Alors qu'on peut démontrer que Elecam a toujours fonctionné ainsi, bon an mal an, au gré de la disponibilité budgétaire du pays. Ce qui, au demeurant, est préjudiciable à l'efficacité de Elections Cameroon. Des conséquences financières insoutenables En ciblant 11 millions d'inscrits, M. Libii et son brain trust ont visiblement omis l'aspect financier du problème électoral chez nous. Imaginons un corps électoral de tant d'électeurs au 31 août 2017. Sachant qu'un électeur coûte en moyenne 10 500 francs Cfa (taux onusien) et qu'en 2018, il y aura trois scrutins directs, c'est une somme de 346,5 milliards de francs Cfa qu'il faut budgétiser pour les 3 scrutins, contre 189 milliards de francs Cfa, en l’état actuel du fichier électoral! La démocratie coûte cher, mais tout de même.
Autrement dit, pour élire le président de la République, les députés à l'Assemblée nationale et les conseillers municipaux, il faudra près de 400 milliards de francs, l'équivalent de la facilité élargie de crédit accordée par le Fmi ! Oui, nous savons qu’en budgétisant 80 milliards par an, on peut y arriver sur cinq ans. Mais, les choses ne fonctionnent pas ainsi.

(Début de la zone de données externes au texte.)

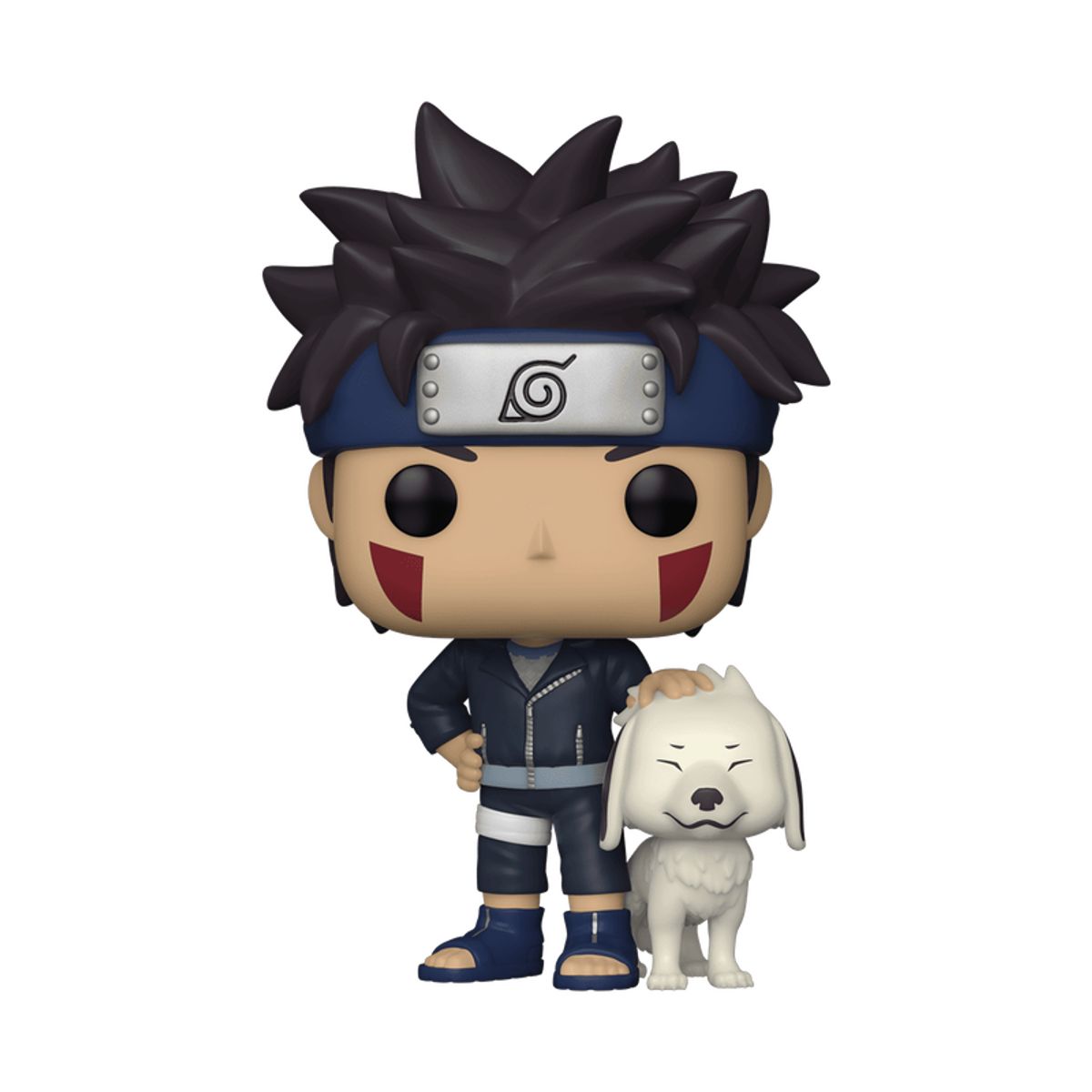 FUNKO - Funko Pop Naruto – Kiba y Akamaru 1194 + Protector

Par ailleurs, combien de candidats, au Cameroun, sont capables d'assumer une campagne électorale ciblant 11 millions d’électeurs ? Le désintérêt des principaux intéressés D'un point de vue politique, M. Libii a peut-être vu juste ! En effet, avec 11 millions d'électeurs en 2018, l'alternance au sommet de l’Etat est possible.
Ce serait même une véritable révolution mais, qui a intérêt à ce qu'il y ait 11 millions d'électeurs soit 5 millions de nouveaux inscrits? M. Libii ? Le Rdpc ? L’opposition ? Les électeurs eux-mêmes ? La société civile ? En admettant que tous aient intérêt, M. Libii a-t-il fait travailler tout le monde dans ce sens ? Cela pose le problème de sa capacité de sens et de rassemblement. S’agissant de l’opposition camerounaise, est-elle capable de réunir sur l’un de ses noms, connus ou inconnus, 5 millions de nouveaux électeurs ? L'échec de cette opération, sur le nom de M. Libii, ne montre-t-il pas bien la réalité socio-électorale du Cameroun ?
Autrement dit, s’il y avait donc un scrutin aujourd'hui, le candidat Libii ne ferait même pas le plein de ses fans plus nombreux sur la toile, mais visiblement non-inscrits ! Sur les 403 069 nouveaux inscrits, combien se réclament-ils de l’opération ?
Sur les nouveaux inscrits de demain, combien seront-ils ? Personne ne peut y répondre, à cause de l’amateurisme qui entoure cette « opération ». Pourtant, plus déterminé que jamais, l'homme continue à faire des promesses : « l'année prochaine, on ne me reconnaitra pas » lance-t-il, goguenard ! On verra!